As Matt Duss, an advisor to Bernie Sanders, commented in response to some of these findings, "We can and should be globally engaged without stoking ultranationalist chauvinism... upholding democracy, dignity, and the rule of law doesn't require, is actually undermined by, the belief that we are anointed by God [or] history."

Americans of all political stripes are tired of international interventions - including to protect human rights - as they seek to shift leadership of international problems to multilateral organizations and, crucially, see urgent human rights problems at home which need to be tackled first. When the Eurasia Group Foundation asked how peace is best achieved and sustained by the United States, a plurality of both Democrats and Republicans answered: "by keeping a focus on domestic needs and the health of American democracy, while avoiding unnecessary intervention beyond the borders of the United States." Thirty-five percent more survey-takers believe the U.S. should first fix its "own human rights problems" such as "mass incarceration and aggressive policing" than believe the U.S. should use "military intervention to stop human rights abuses around the globe."

According to the Chicago Council, fewer Americans today than at any time in the past eight years believe the United States has a unique character that makes it the greatest country in the world - barely half, down from a high of 70 percent in 2012. While eight in ten Republicans continue to say the United States is the greatest country on Earth, this sentiment has taken a nose-dive among Democrats and Independents alike.

These declines are likely related to disappointment with how the government handles the domestic issues they deem top threats. Barely one in five Democrats say the government's response to the coronavirus pandemic has been effective, and fewer think the government has responded well to climate change, election interference, or racial and economic inequality. Mere minorities of Independents think the government responded effectively to the pandemic, political polarization, China's development as a world power, and racial inequality. Even among Republicans, fewer than half think the government is effectively confronting economic inequality, racial inequality, and political polarization, although these are not counted among the top threats.
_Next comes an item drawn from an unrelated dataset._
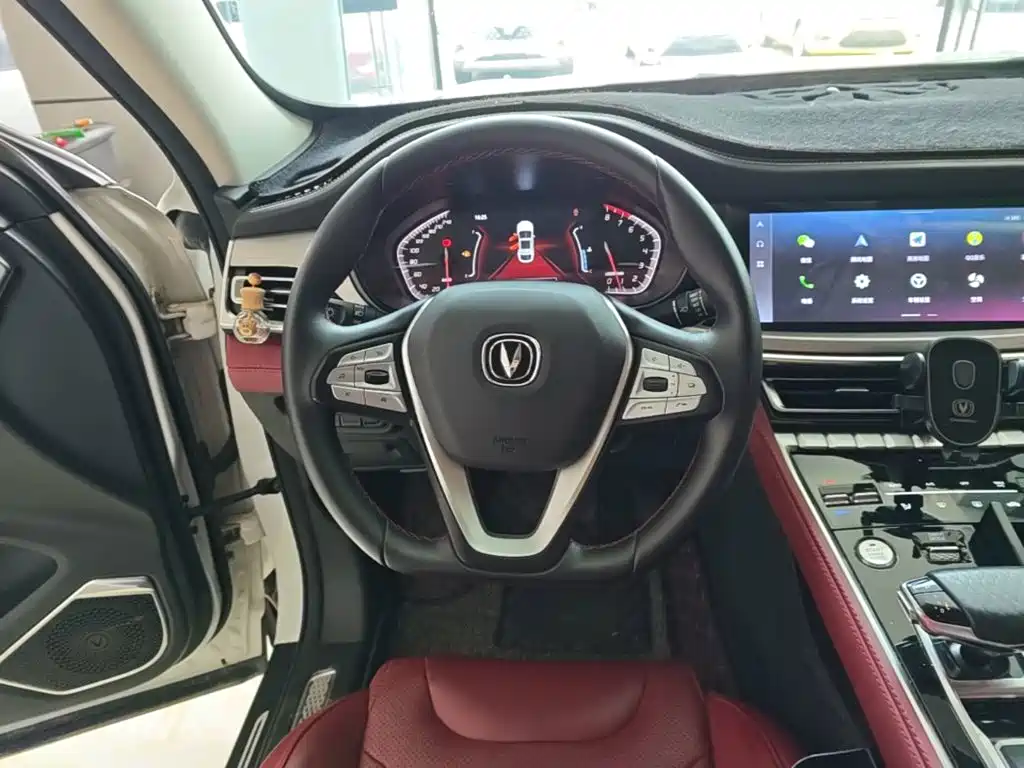 Changan CS85 COUPE 2021 2021 1.5T DCT Luxury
Across both surveys, one thing Americans appear to believe is that America's strength abroad depends upon its strength at home. The US ranks 27th out of 31 countries in an OECD's social-justice index. Other recent surveys show the United States' global opinion is at or near new lows, with declining percentages worldwide saying America respects its citizens' personal freedoms. The virus is the latest challenge to national unity. Still, political polarization and economic tensions have long been simmering, and the prospect of a flagrant and flamboyant challenge to the integrity of American elections likely diminishes this stature further.

Jim Goldgeier and Bruce Jentleson recently argued the United States should have "a seat at the table but not always at its head." Americans appear to agree and would welcome a greater role for international institutions and agreements. Roughly 70 percent want the U.S. to reenter the World Health Organization and the Paris Climate Agreement, and 66 percent think the U.S. should rejoin the Iran nuclear deal. A solid majority believes the U.S. should negotiate with adversaries to avoid a military confrontation. The largest group of respondents support a type of U.S. engagement characterized by fewer international military obligations and more diplomacy.
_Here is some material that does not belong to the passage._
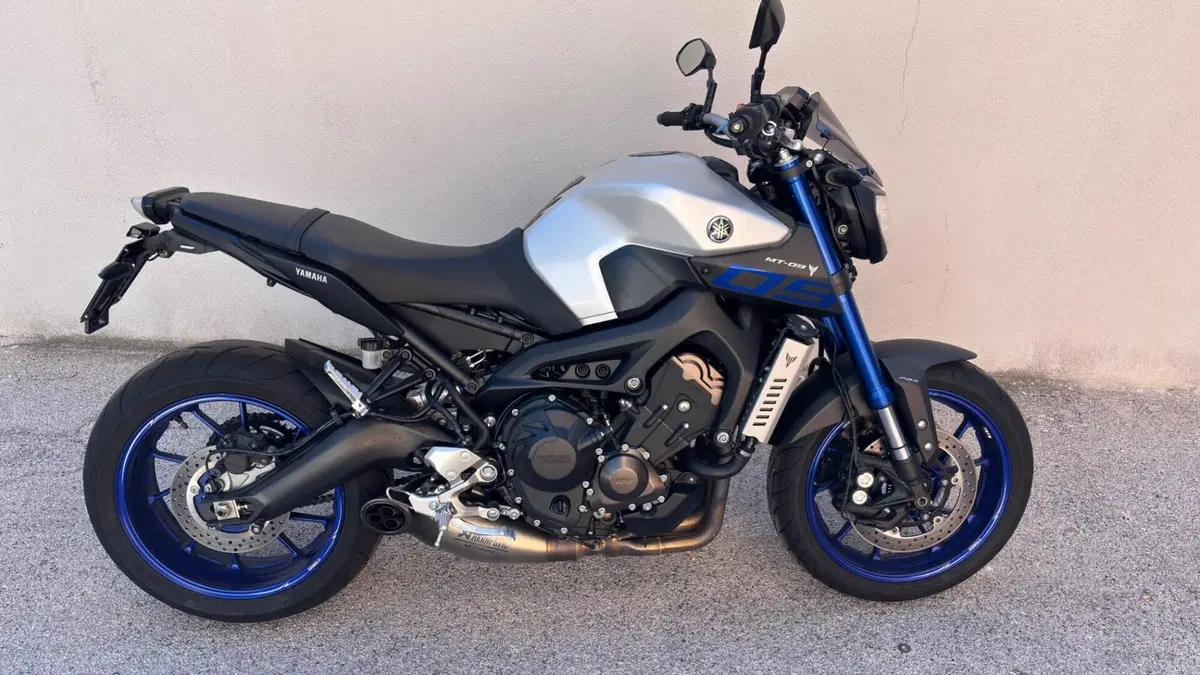 Yamaha MT-09 ABS (2016) (2)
Far from a kind of confidence crisis, it's likely Americans are emerging from a period of overconfidence. Instead of trying to solve the world's problems single-handedly, they are taking a more realistic assessment of the threats their country faces. They want political leaders to emphasize cooperation over confrontation and protect America's power at home before projecting it abroad. In a democracy predicated on the popular will, those leaders would be wise to listen.

Mark Hannah is a senior fellow at the Eurasia Group Foundation. Dina Smeltz is a senior fellow at the Chicago Council on Global Affairs.